Do We Need Heaps In Modern Languages?
This is side-blogging this week’s Perl Weekly Challenge, or perhaps more accurately, last week’s.
Write a script to implement Priority Queue. It is like regular queue except each element has a priority associated with it. In a priority queue, an element with high priority is served before an element with low priority. Please check this wiki page for more informations. It should serve the following operations:
is_empty: check whether the queue has no elements.
insert_with_priority: add an element to the queue with an associated priority.
pull_highest_priority_element: remove the element from the queue that has the highest priority, and return it. If two elements have the same priority, then return element added first.

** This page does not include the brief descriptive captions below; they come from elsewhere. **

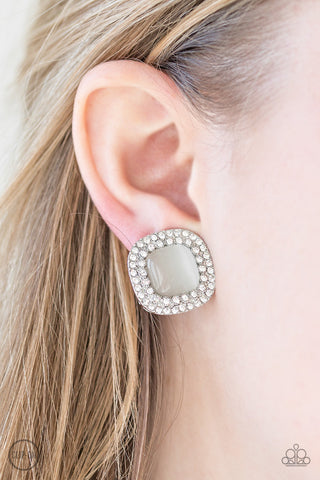 DEW What I DEW - White Clip-On - Paparazzi Accessories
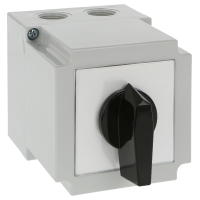 Łącznik krzywkowy 4G10-12-PK, 10A, w obudowie, pokrętło czarne 3-biegunowy (Y-0-∆) | 63-840591-011 Apator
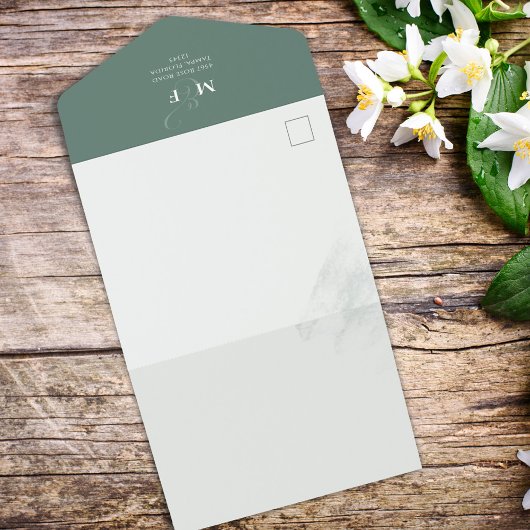 Invitation Tout En Un QR Code Classic Eucalyptus Online RSVP Simple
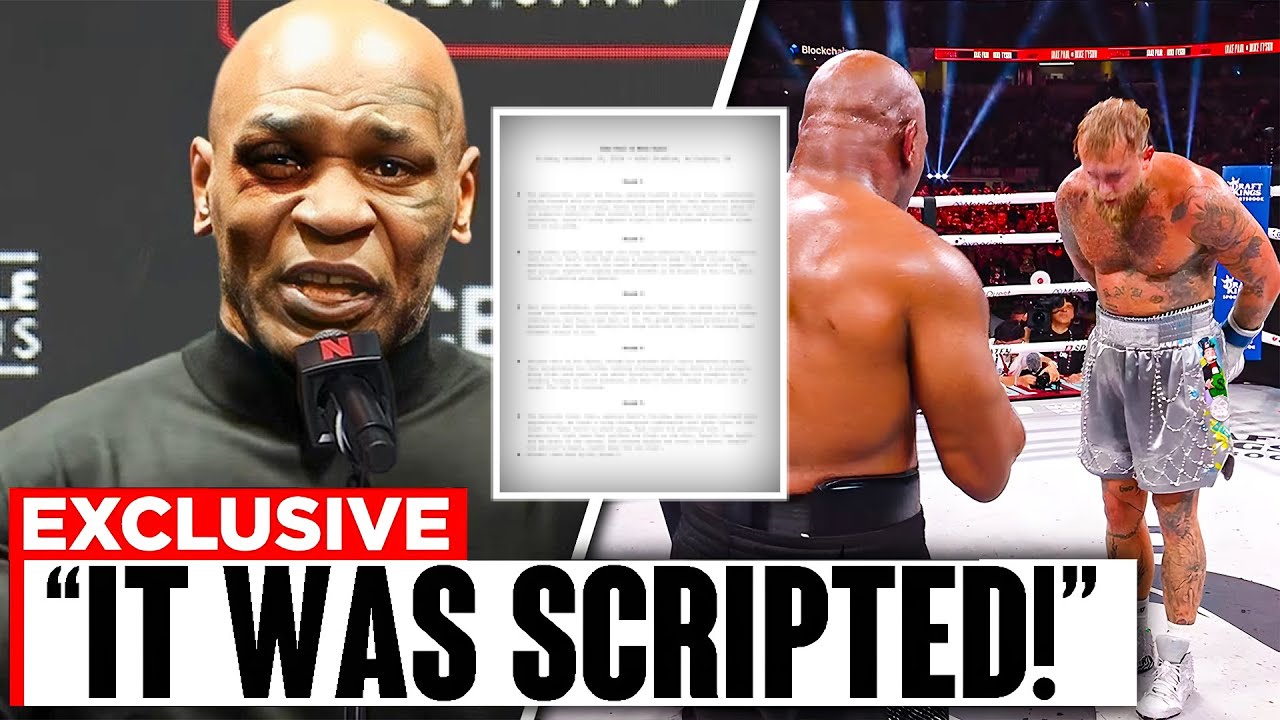 Jake Paul Vs Mike Tyson was Rigged Script Leaked - YouTube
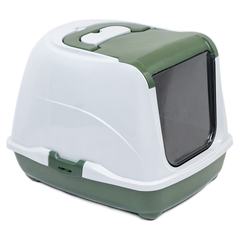 Туалет для кошек, совок Pettails домик с дверцей 50 х 38 х 37 см
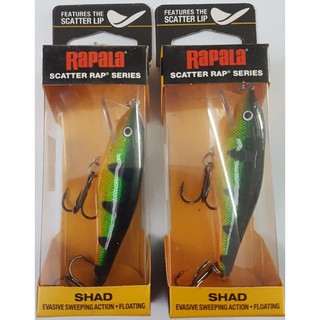 👉เหยื่อ RaPaLa รุ่น Scatter Lip Shad(มีสีเดียว)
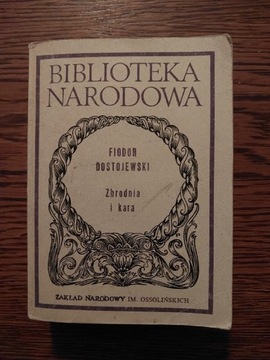 Dostojewski Zbrodnia i kara Biblioteka Narodowa 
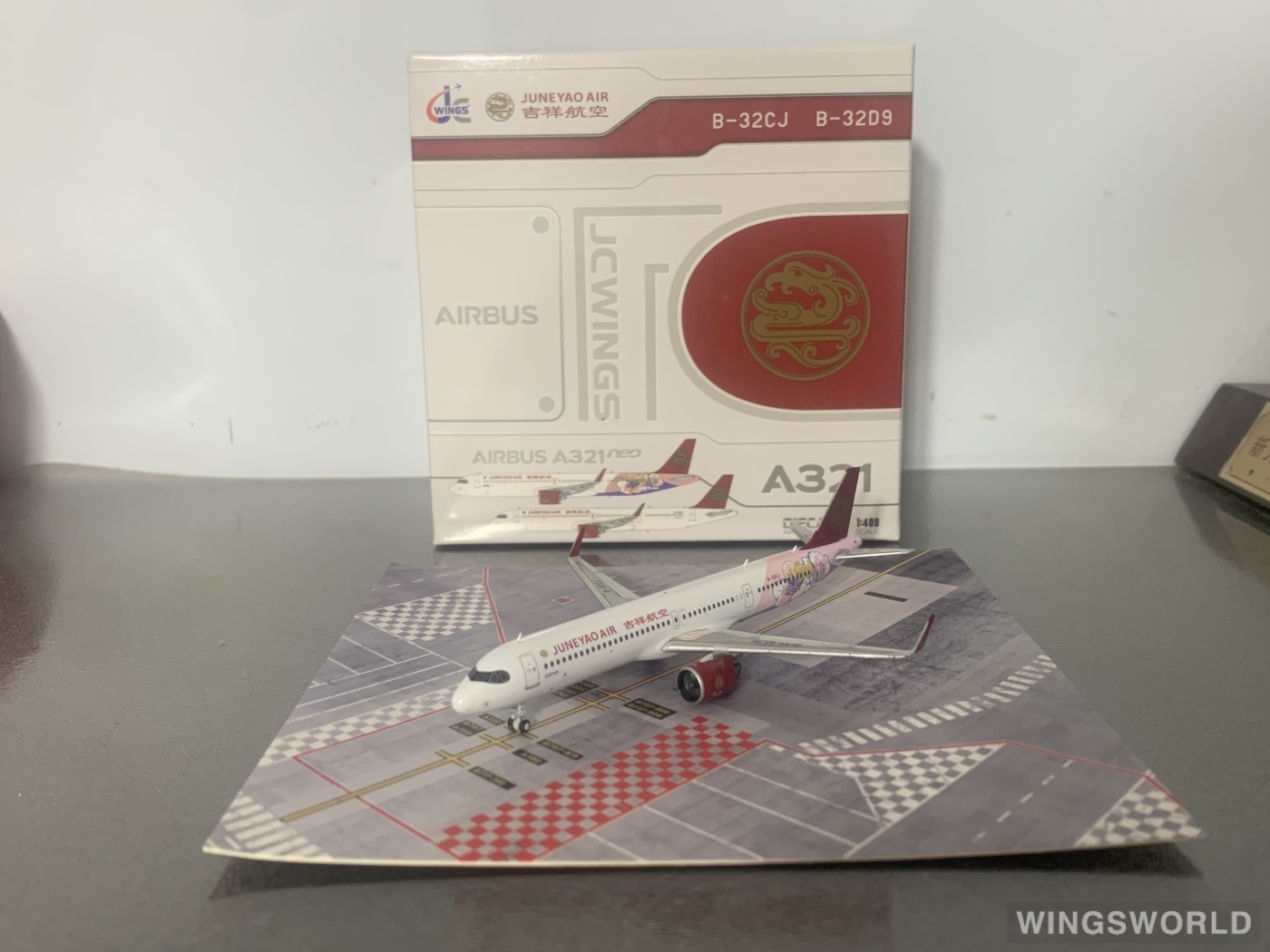 JC Wings 1:400 LH4333 Juneyao Airlines 吉祥航空 Airbus A321neo B-32CJ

I come from a Computer Science background, which means that when I hear “priority queue” I know to think “heap”, and I have been a practical developer in the trenches of user-facing computing for a long time, which means that I have forgotten almost everything about it.
It’s understandable. Another thing we learned when we were struggling with “C as a subset of C++” were arrays vs linked lists. In C, arrays are indexed, but are internally contiguous memory locations, and so the array arr
is a memory address, and the index is multiplied by the byte size and used as an offset. Because you’re asking for this chunk of memory, you cannot grow or shrink your array.
The linked list, on the other hand, allows you to traverse it with next
and prev
and a great number of other things. They can be coerced into all sorts of other forms, giving you push
and pop
and shift
and unshift
(which really needs a new name that isn’t just negation, don’t you think) but classically don’t give you indexes.
But in higher level languages, you do have all those cool things, as well as classical array formations, so as a person who has primarily lived with Perl, Python and Javascript in his professional career, I have my cake and eat it too, all for the expense of memory. We as a community have looked at this trade-off and said that it is good.
So, looking at this, there are three things I did not want to do:
- Implement My Own Heap
- Steal Any Other Participant’s Code
- Sort An Array Repeatedly And Call It Done
So I’m not gonna actually do this challenge. What I am going to do look into heaps and try to figure if this is a thing should have.
So I looked on MetaCPAN and found some modules to try. The one I could make work is Array::Heap.
use Array::Heap;
use JSON;
my $json = JSON->new->space_after->canonical;
my @elements = (10,3,4,8,2,9,1);
my @heap ;
push_heap(@heap, @elements);
say $json->encode(\@elements);
say $json->encode(\@heap);
my @output;
while ( @heap ) {
push @output, pop_heap(@heap);
}
say $json->encode(\@output);
__DATA__
[10, 3, 4, 8, 2, 9, 1]
[1, 2, 9, 8, 3, 10, 4]
[1, 2, 3, 4, 8, 9, 10]
I expect that, if I hooked in Benchmark and ran it a few million times, the Heap implementation would be faster. But with Perl’s arrays (and Javascript’s, and so on), I can create the arrays full of things like this –
{
"task" : "testing Heap modules on CPAN",
"priority": 7
},
{
"task" : "Blogging about Heaps",
"priority": 6
}
– and @priorities = sort{ $a->{priority} <=> $b->{priority} } @priorities
to get the higher priorities closer to the top.
So, as an intellectual exercise, I could imagine creating a library that implements heaps and puts them in my favored languages, but for real code, I cannot imagine them being more useful than modern built-in arrays.
Thanks to Eloquent Javascript for a nice refresher in JS before I jumped into the Perl.